Tuesday, April 7, 2015

A Crack in the Glass, in the Order of Things

We heard the CRACK! while it was in the kitchen kiln. God almighty a broken piece of glass, and an oven full of work. Always feels like a curse, and I have to reach in there to take everything out, not knowing whether it's still in one piece or whether it will fall to pieces in my hands. Gives me the heebie jeebies.

I found it — a larger piece that E. and I labored over yesterday afternoon. I'm teaching him a new technique, and the lesson was slow and plodding, lots of re-dos, lots of "let's strip this layer off." Or rather, "let's strip all these layers off and start from the beginning."

Seems to be the best way to teach — and learn — a new task here in the Glass Factory. Do it, feel your way through it with the basic instructions, then do it again, always refining and re-defining the details and brush strokes. Some have the touch and some don't. Some are teachable, and others aren't. I enjoy the teaching to a point — there's always a deadline at my back. Between M. and I, we could probably teach a two-year course in what we do here. (Might be a better way to make $$, come to think of it.)

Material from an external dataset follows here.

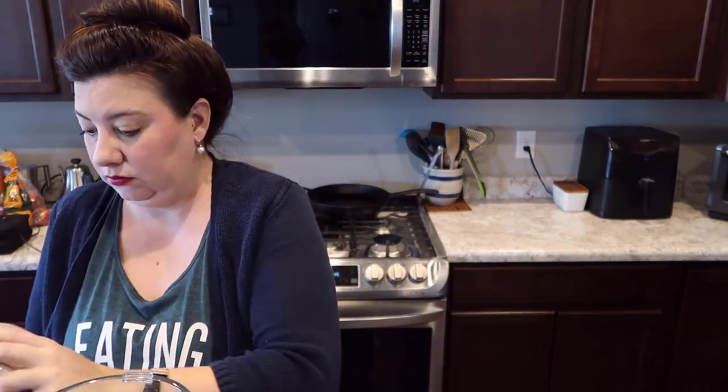The recipe that I found actually calls for cold brew concentrate, which I don't have. I'm just using this brand of cold brew coffee — it's fine, I don't have a strong preference for cold brew brands. Since we don't have the concentrate I'm just going to take equal amounts of cold brew with equal amounts of oat milk and toss that into the blender.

A cracked vessel. Which let out a second loud SNAP after I took it out to inspect, completely cooled.

When E. returned from sand-blasting, I showed him the piece. He's 26, and studied glass art in college, and has a physics-level understanding of how the molecules move about in glass, and gave me a quick tutorial in surface tension and the path of least resistance. He found the most probable point of origin of the crack, a small embedded stone, which most likely caused a heating/cooling inconsistency and, blammo — there it went.

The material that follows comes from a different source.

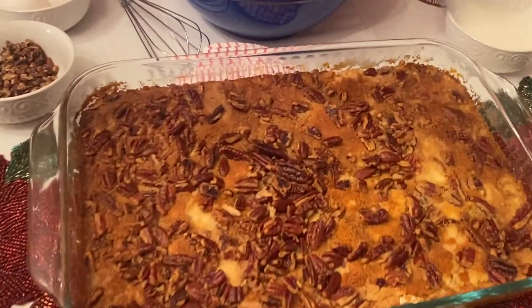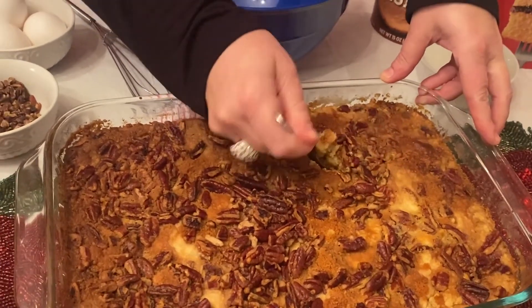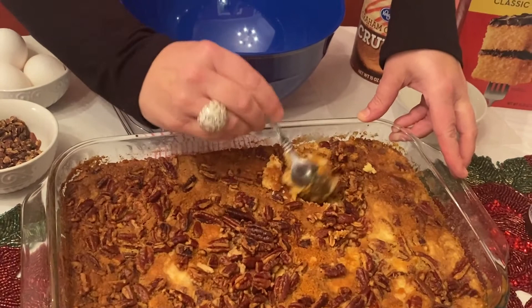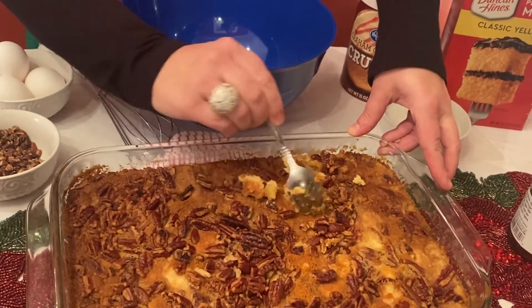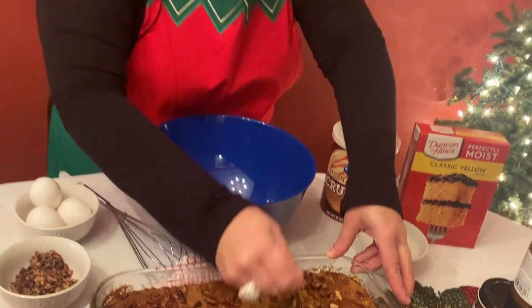It is gorgeous. Now I have got to try this — I have been wanting to try this. When you put your spoon in here, you can kind of see this pumpkin deliciousness. Oh my gosh, doesn't that look amazing? It looks so good. And then you can serve it over ice cream or you can serve it with Cool Whip. Oh my gosh, it's so good.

I am perpetually fascinated by the curving direction a crack will take, the arc of it, how it feels like a living thing in my hands, a conglomeration of vibrating molecules that have misbehaved and will end up ker-plunking into the garbage can.

Never having studied glass arts, what I know I know intuitively; a martini, wine or champagne glass will exhibit its own behavioral traits based on the angle or curve of the cup. Once sand-blasted, I can break the stem of any one of them in a snap if I'm lose my concentration and grasp too tightly in the finishing process — a fact that has never failed to astound me.  I know the ping a flicked finger makes on glass that announces Too Thin To Bother With.  A well-tempered, appropriately thick piece of glass will make a mid-toned ringing klung sound that says All Is Well. So much is decided on the song a piece of glass intones, its solitary note of suitableness. (M. is a generous Goodwill donor.)

Our little machine rumbles and clatters along, and sometimes it sings.

Ironic that yesterday I spent a good long stretch of the afternoon teaching E. the techniques I use to layer color, and then today listened in fascination while he taught me the physics of the crack. Much to be learned, from either side.

I was appropriately humbled.
I was trying to capture the often-seen prismatic effect a crack makes, but the light wasn't right.

The crack as seen on the base of the vessel: beautiful curve!


  1. I'm so sorry this piece cracked; the design of delicate sprays of green leaves and small red blossoms (what is that color exactly -- it's tone is wonderful) was so beautiful against the white.

    Love, C.

  2. it would drive me batty to have such a piece crack -- something that I labored over earnestly. Such a lot of work and dedication, gone in an instant.

    I love that you each have something to teach the other -- sounds like a perfect combination.